After the panel, two of my colleagues, photographer Rachel Del Sordo and writer Megan Cooper, and I realized just how many thoughts we had. We were eager to continue our conversation back in the office but thought that instead of just dwelling on our own reactions, we should see what everyone else thought, too. The three of us spent the rest of the evening (in between the fantastic musical performances) tracking down some of the panelists and women who were present in the audience to hear their thoughts, reactions and critiques. Here’s what they said.
Assistant Program Director, The Current
We had just enough time to touch on the touchstones. There were things we didn’t even get into, like Rita Houston from FUV brought up pay gap issues and stuff like that. There’s also the intersectionality between women and people of color, women and LGBTQ and that kind of thing; we didn’t get into that. But I think as far as starting a conversation with stations and promoters and labels about this topic is a great opportunity to open it up. I’ve had multiple conversations since we did the panel this morning, and the fact that people are talking about it means that people are thinking about it, which means people are that much closer to doing some action around it. A lot of people said “You should do this next year,” which, if we’re invited back to do it again next year, that would be great. And then we can keep measuring where we’ve gone and see what happens and what progress we can make, so that’s what I’m excited about.
Program Director, WFUV New York
I thought it was very positive. I think a big part of what maybe we needed to add to the panel, or some of the things that we ran out of time to discuss, is the history. I’m definitely one of the more long-term programmers in our format, but on the label side, on the management side, on the radio side, there are a lot of women — and you see it in our photo — who’ve had our jobs for 20 years, 25 years. We’ve built the format; we’ve made this happen. And I think there were a lot of tough things that happened in that process, and there’s no need to necessarily detail those war stories because nobody wants to hear them anyway, “Oh, this time this idiot said that,” you know what I mean? But there is a history that brought us to where we are today. I think we ran out of time to tell that part of the story, but it has been an evolving process and it’s stark to think that the numbers, for as long the history is, the numbers aren’t even where we would want them to be. But it’s been a long road. When I first started in radio, you wouldn’t have two female DJs on the staff. They really wanted to hire me but they were like, “We already have a woman.” And I’m like, “Well you have like eight DJs!” And eventually I got hired to do overnights, but it was like I had to be far away. On FUV now we have a female midday host, we have a female evening host, I’m on the air all the time, many of our other voices are female voices. So that’s changed. But like, I’m not that old, and that was in my lifetime, when they were like “Oh, we can only have one female DJ.” And there was actually nothing wrong with being in a job interview and somebody saying that to you as a reason for why you’re not getting the job. And I didn’t even challenge it, I was just like “Oh, okay.” So it does show where we’ve come from.
General Manager, WYEP Pittsburgh
The one main point I think needs to be made is regarding training and development. We are doing literally nothing to develop the next group of leaders in our industry.
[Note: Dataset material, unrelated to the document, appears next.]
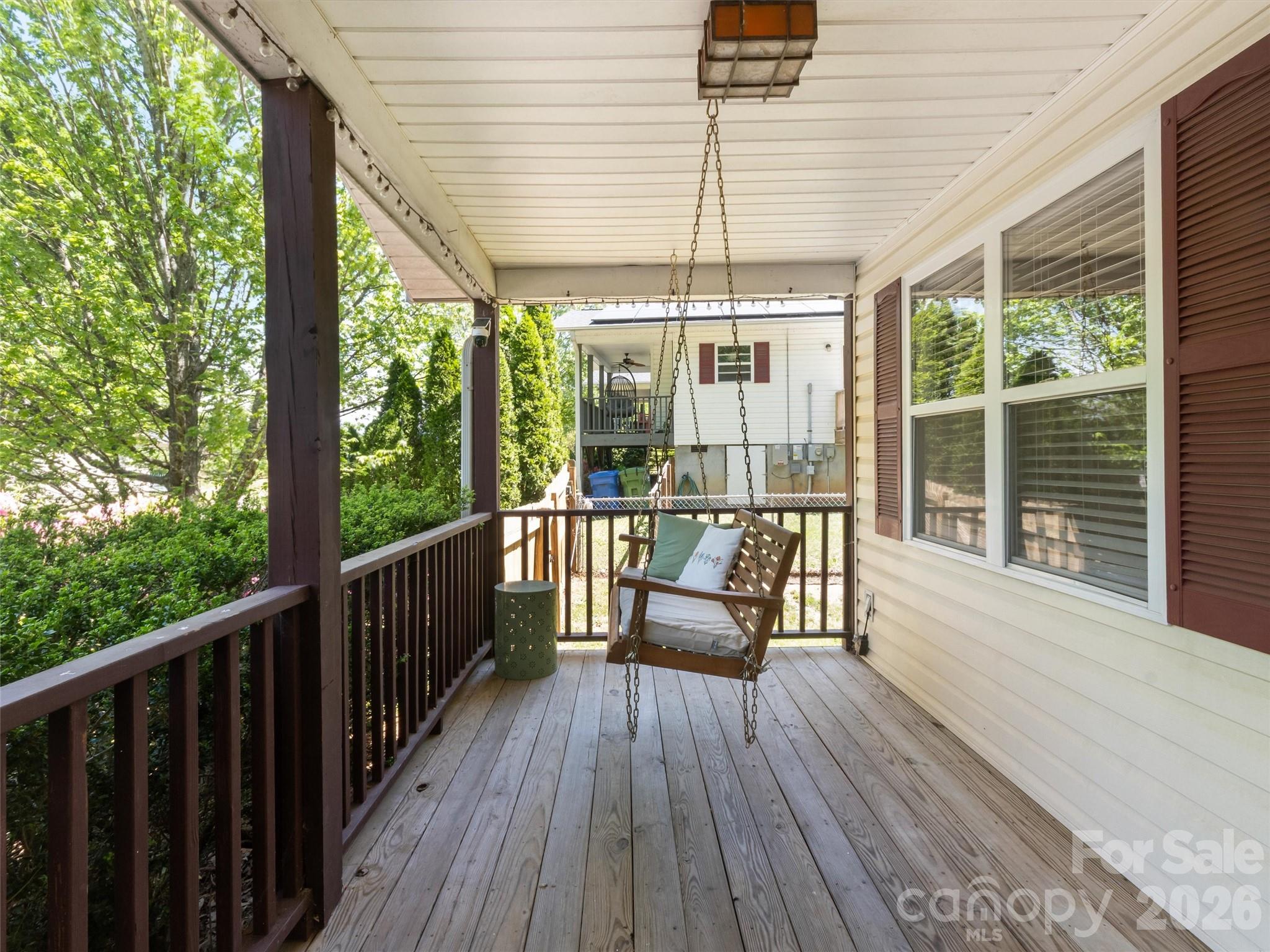 10 Mctindal Circle Asheville NC 28803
Men who keep a chair warm for long enough move into leadership positions with ease, even though they may be completely unqualified. Women don’t get the chance to even keep a chair warm and when leadership positions become available, we are actively discouraged from pursuing them. I have been fortunate in my career to have a couple of wonderful female bosses (and a couple of men as well) who helped me tremendously and took the time to give me some coaching and encouragement. But that is not the case for most of the other women working in mid-level roles and trying to build their careers. In the last few years, as I moved into a higher level leadership role, I have experienced more poor treatment from men in positions of authority than ever before. The higher up we go, the worse it gets, which may explain why there are so few of us at this level. There are many well respected female leaders in public media, but clearly not on the contemporary music side as was evidenced in that panel. We have to recognize this inequity and take action to fix it. Let’s provide professional development and coaching for women so they are ready to take on more responsibility when the time comes and are prepared to deal with the harsh realities of leadership in a male-dominated industry.
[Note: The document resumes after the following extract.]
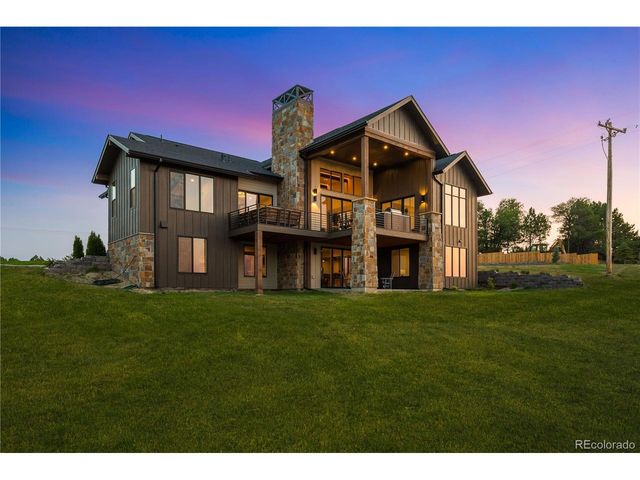 10201 Inspiration Dr, Parker, CO 80138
Music Director, WMVY Martha’s Vineyard
There was a comment that I thought about afterwards a lot that someone made. They stood up and they said “Thank you for being so brave, to get up there, to say these things, to even just ask people to start this conversation.” I thought immediately, when someone said that, “Wow, they’re right,” because if I were up there I’d probably start getting emotional. It’s an emotional topic. And then I thought about the reaction of people, they would think I was being emotional. That’s the level we’re ingrained with this thinking. So it’s just important to talk, I think that’s number one. I’m thankful to those women for getting up there and asking people to think about it. It was just huge. It’s really an amazing piece of this whole conference.
Director of Communications, BirdNote Radio
I think that it was a really great conversation. So many people have come up to me afterwards and said “I really appreciated that you guys did that.” To me, that says that this was needed for a long time. I just saw Bruce Warren outside and he was like, “Thank you so much for doing that.” And we’re so appreciative to Bruce and XPN for letting us pull this together and have this open conversation. I think it was really needed, and I hope that it challenged a lot of ideas that programmers have about their stations, and I hope that they go home and take a look at their playlists.
Director of Major Gifts, WXPN
I was really happy to see that it was a part of this NonCOMM experience, that it was a central panel, that it wasn’t an offshoot or a group that got together afterwards, that it was really accessible for the entire population that was attending — not only for XPN staff but also all of our visitors. I was glad to see how well-attended it was. I was hoping that would be the case, just because I think it is so needed. And it’s such a great avenue for people to come and listen from outside of their own space. Sometimes that breeds a greater opportunity to hear something different if you’re not in your own space. I also liked that they were asking “What can we immediately do when we get back?” so it wasn’t just a discussion in the air, it was actually tangible steps that people could reasonably take. As someone that’s new to the field, and knowing that there is a sort of gap, in the artists that are heard, but also in the leadership as well, that there are people thinking about it, there are people doing something about it, and how to participate in that beyond discussions. I think that’s the first step, to see who your allies are and see who you can start talking to about it.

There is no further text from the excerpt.